Un comédien danseur cabotin, Benjamin Pech, en gilet plastique bleu et pantalon de survêt rouge nous accueille avec humour dans le théâtre, nous dispose autour de son trône, le fauteuil central de la première rangée sur lequel s'évase un bout de la grande feuille dorée qui s’épand sur la scène. Elle se reflète en vidéo sur un grand écran rond suspendu devenu solaire. Puis il nous fait déguster une orange à l'africaine comme lui le fit tous les matins avec la chorégraphe sud-africaine Robyn Orlin pendant les répétitions, avant d'envoyer sa voisine sur scène nous montrer les positions codifiées des souliers de danse du Roi-Soleil lorsqu'il dansait encore.
Du temps où le même Louis codifiait la traite des esclaves dans le Code noir, dont certains articles sont déclamés par Loris Barrucand, quand il ne joue pas sur son clavecin du Couperin, du Royer, du Tchaïkovski, du Saint-Saëns, aussi du Abba, toujours de façon très ludique. Car de la danse, il y en a un peu, pour bien montrer de quoi notre étoile est capable, mais pas trop car le baroque, c'est ennuyeux, nous avoue-t-il. Il préfère se mouvoir autour du claveciniste, en équilibre sur le tabouret étroit, ou se perdre dans les méandres de la feuille dorée, ou se chercher « une » reine...
Bref, il s'agit du retour d'Afrique trois siècles plus tard du roi Louis ayant perdu son passeport et obligé de revenir sur une embarcation de réfugiés, bientôt pris dans la tempête, leurs parkas colorés et noués roulés dans les flots d'or, et sauvés visiblement par l'ancien monarque, peut être passé de l’État c'est moi à l’État de droit en redevenant humain. Et finalement happé à son tour par les flots et l'obscurité.

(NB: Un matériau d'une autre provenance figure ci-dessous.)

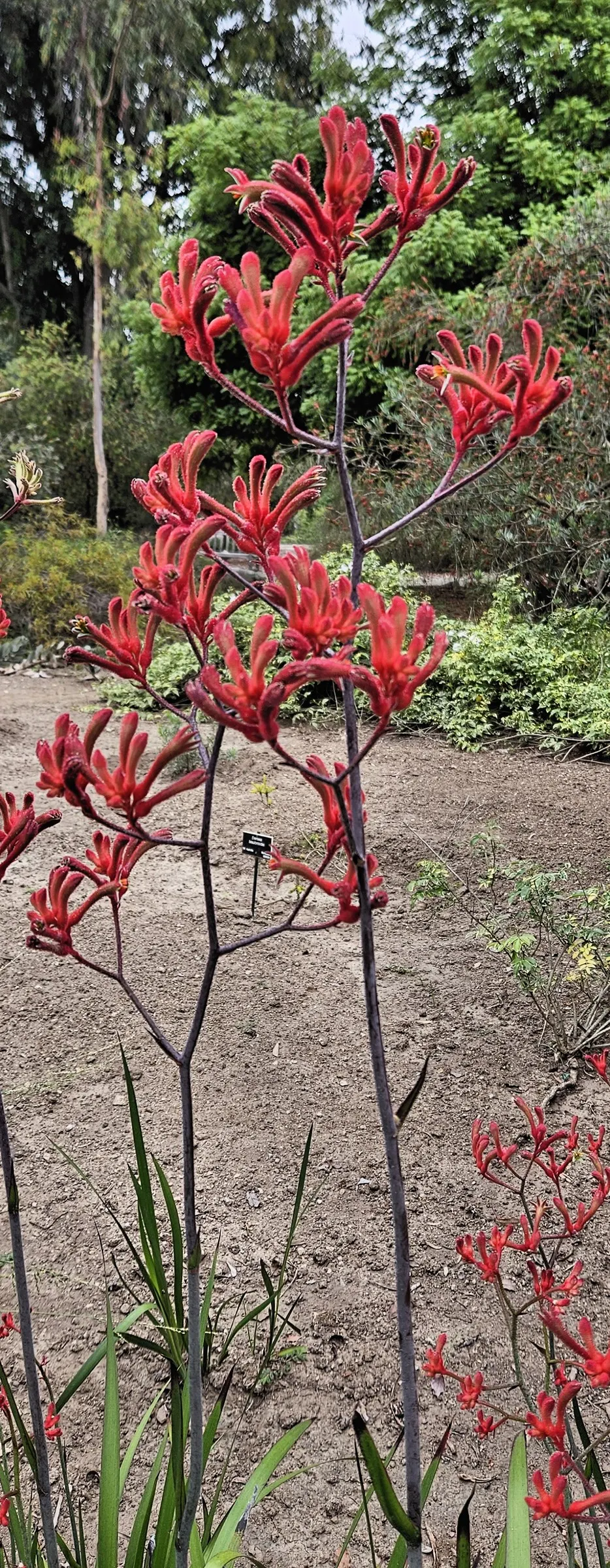Tall Kangaroo Paw (Anigozanthos Flavidus) — Towering at about 4-10 feet in height; each flower resembles a kangaroo's paw, image 50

Une suite allégorique au Ballet royal de la nuit présenté ici sur trois heures avec de nombreux musiciens, acteurs, danseurs, jongleurs pour faire revivre l'entrée au pouvoir du jeune Louis [voir notre chronique]. Avec juste un danseur acteur, un musicien et une grande feuille dorée, un peu de vidéo aussi, en deux fois mois de temps, on assiste à l'envers du décor et à la fin d'un règne. Captivant ! D'autant que par rapport à l'autre pièce de Robyn Orlin vue au CCN en janvier, And so you see... [voir notre chronique], tout se passe en français...
Ce qui ne sera pas le cas à Berlin bientôt puisqu'il leur faudra tout transposer en anglais...
Pour finir la saison musicale au théâtre de Caen, le mardi 5 juin le 6e concert de l'intégrale des quatuors de Haydn par le quatuor Gambini, le jeudi 7 juin, La passion selon Sade de Sylvano Bussotti, et du 19 au 21, danse avec My Ladies Rock de Jean Claude Gallotta.